[Opening SOURCE MATERIAL section]
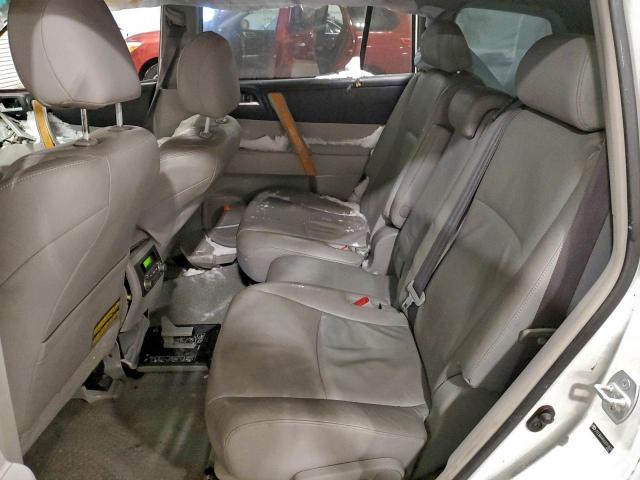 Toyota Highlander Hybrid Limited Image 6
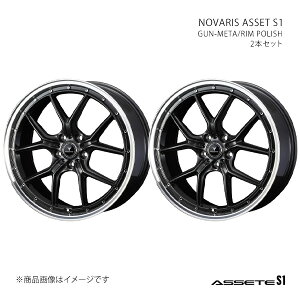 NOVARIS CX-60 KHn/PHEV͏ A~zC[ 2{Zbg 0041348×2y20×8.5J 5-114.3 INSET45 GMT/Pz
[Closing SOURCE MATERIAL section]
[Opening SOURCE MATERIAL section]
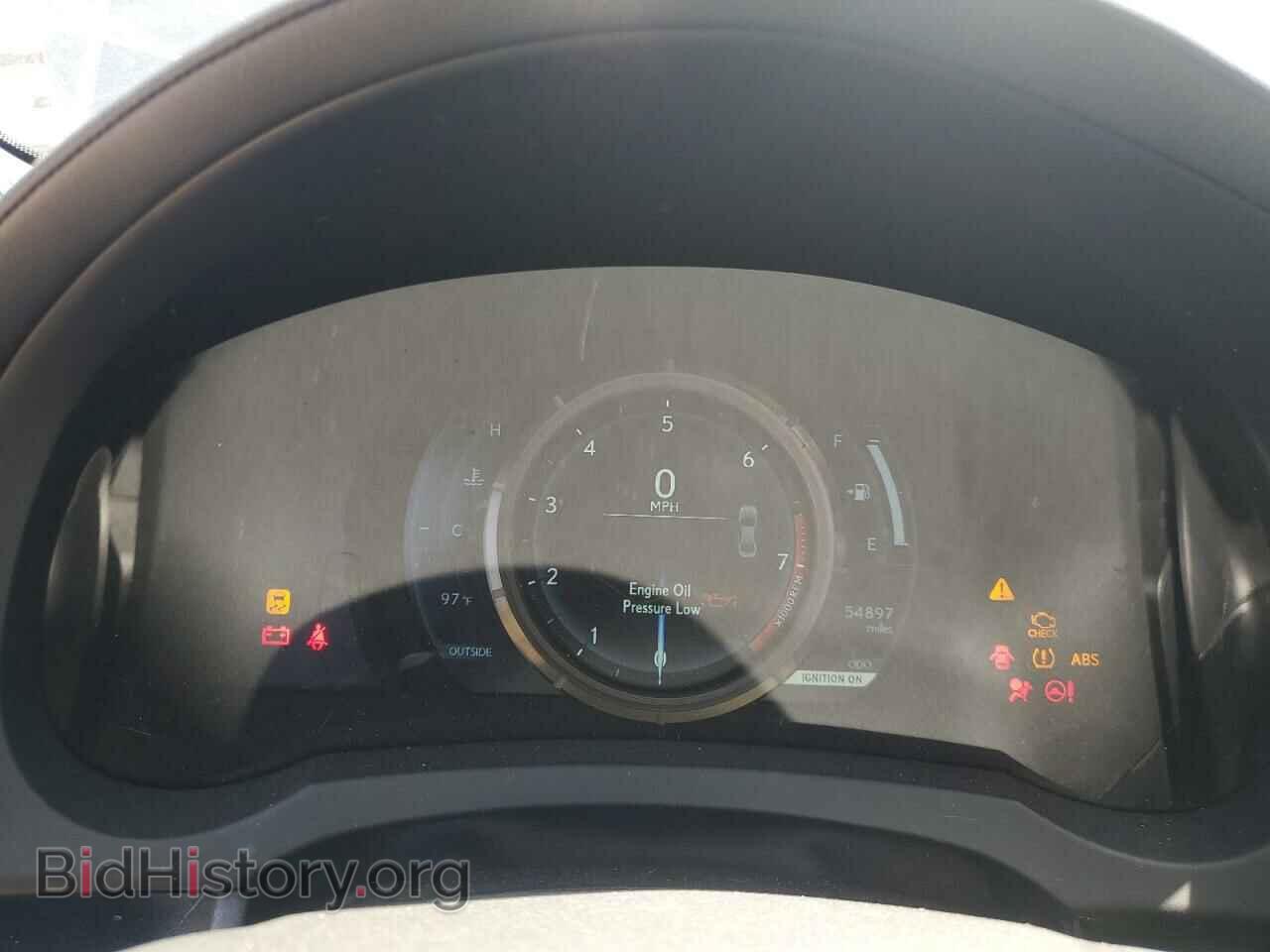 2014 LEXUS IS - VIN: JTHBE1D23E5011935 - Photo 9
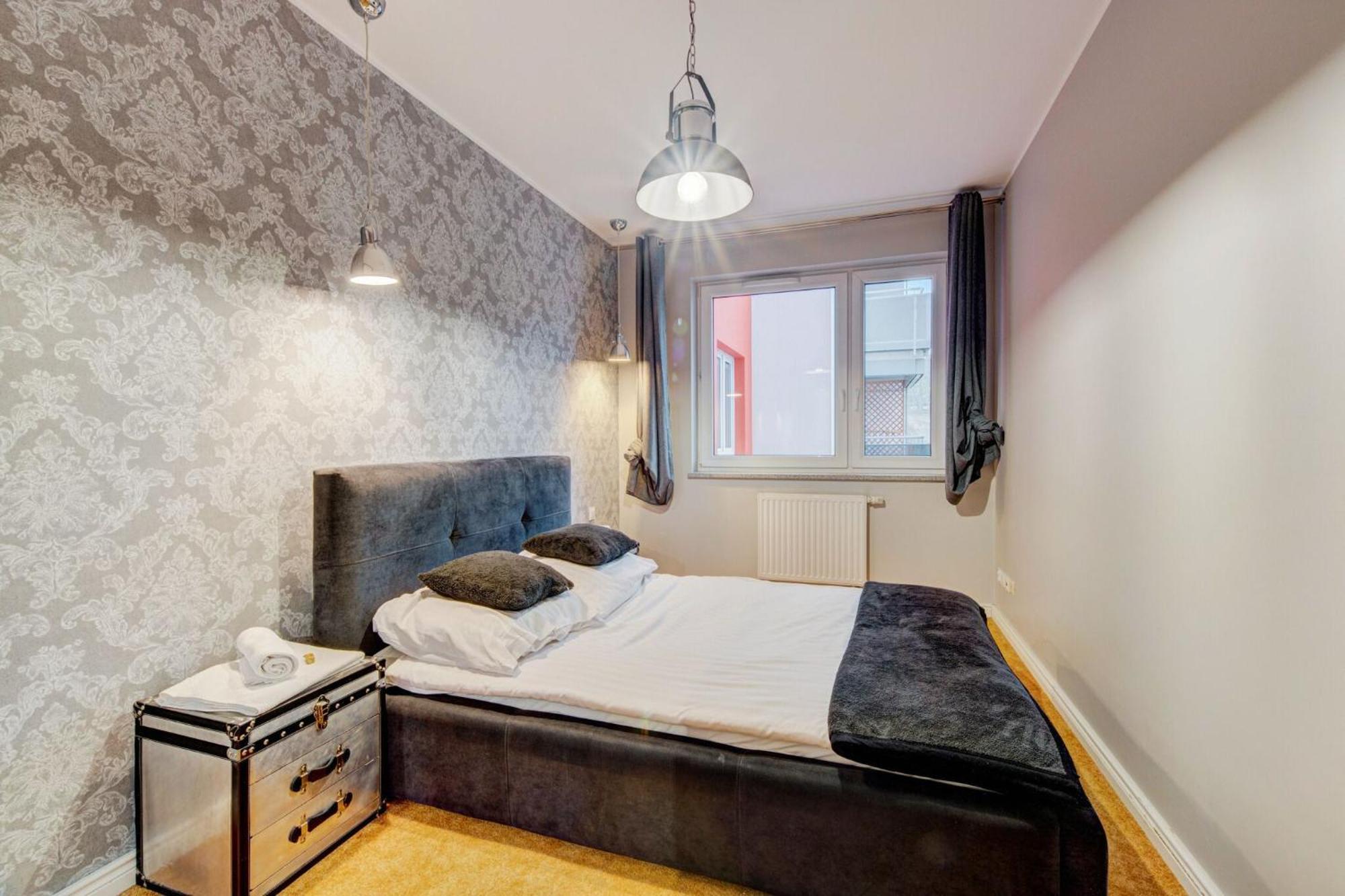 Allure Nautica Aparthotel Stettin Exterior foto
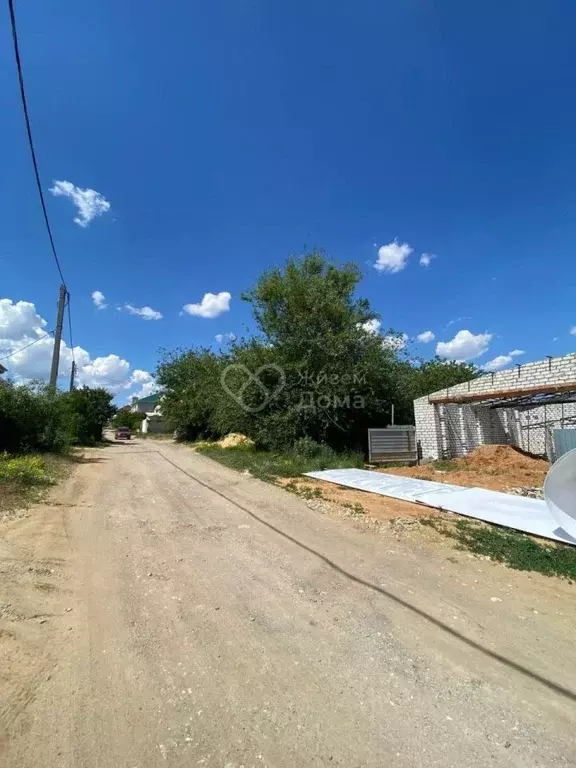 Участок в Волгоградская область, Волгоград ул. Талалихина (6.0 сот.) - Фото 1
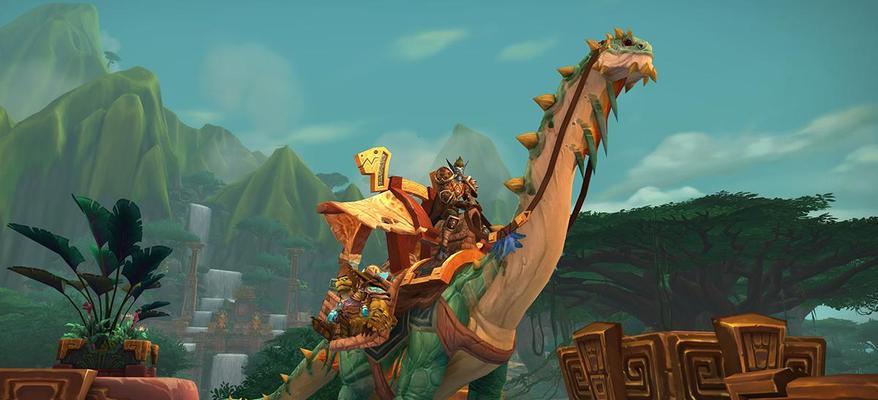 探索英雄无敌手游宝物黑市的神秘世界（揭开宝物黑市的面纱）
[Closing SOURCE MATERIAL section]
[Opening SOURCE MATERIAL section]
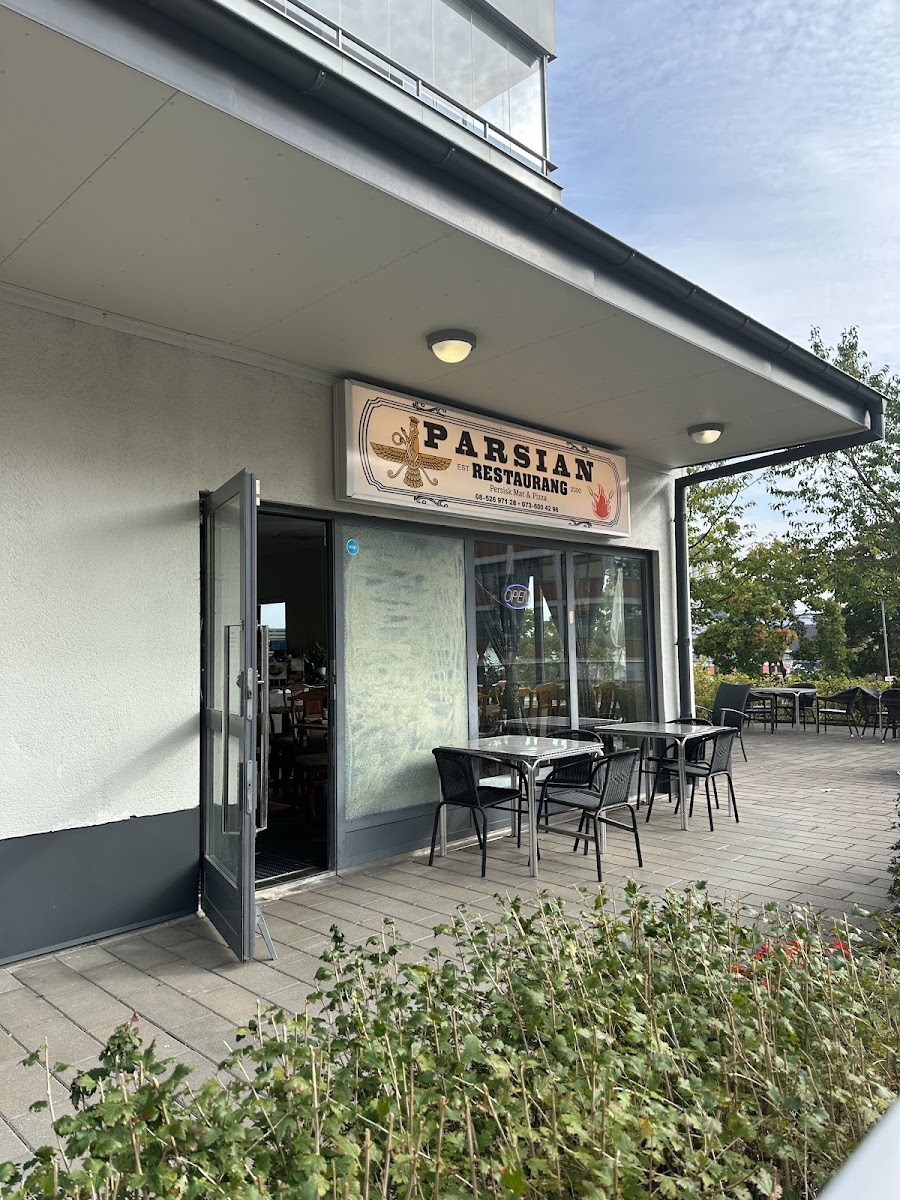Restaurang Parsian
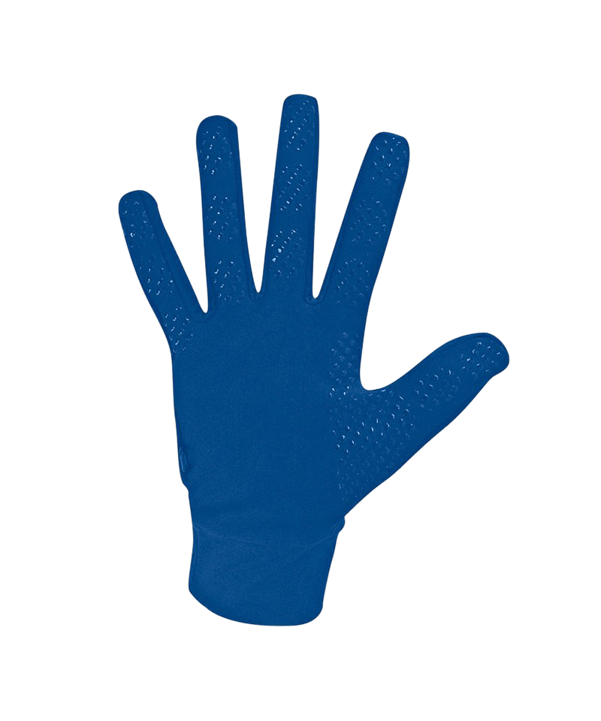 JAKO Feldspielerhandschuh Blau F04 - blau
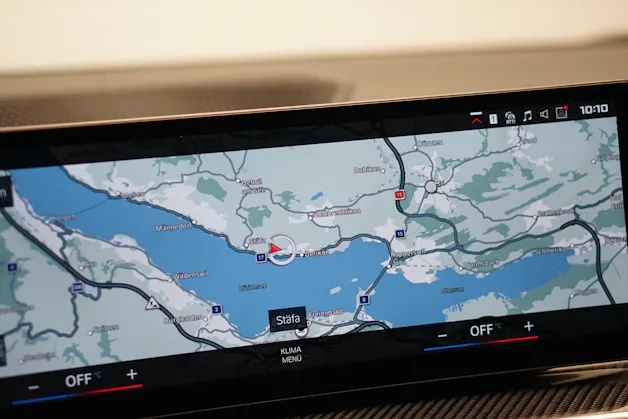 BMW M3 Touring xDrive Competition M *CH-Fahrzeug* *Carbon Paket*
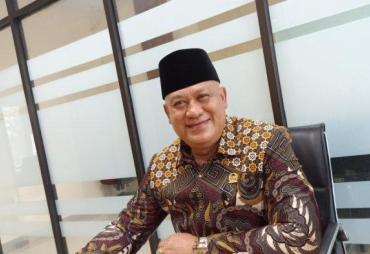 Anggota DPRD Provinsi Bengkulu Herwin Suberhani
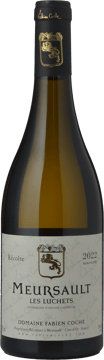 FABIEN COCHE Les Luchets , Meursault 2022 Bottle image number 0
[Closing SOURCE MATERIAL section]
TASK ITEM
For the material above, give again only the lines starting at the line that contains "Toyota Highlander Hybrid Limited Image 6" and ending at the line that contains "NOVARIS CX-60 KHn/PHEV͏". Pictures do not belong in the copy.

ANSWER TO THIS TASK
 Toyota Highlander Hybrid Limited Image 6
 NOVARIS CX-60 KHn/PHEV͏ A~zC[ 2{Zbg 0041348×2y20×8.5J 5-114.3 INSET45 GMT/Pz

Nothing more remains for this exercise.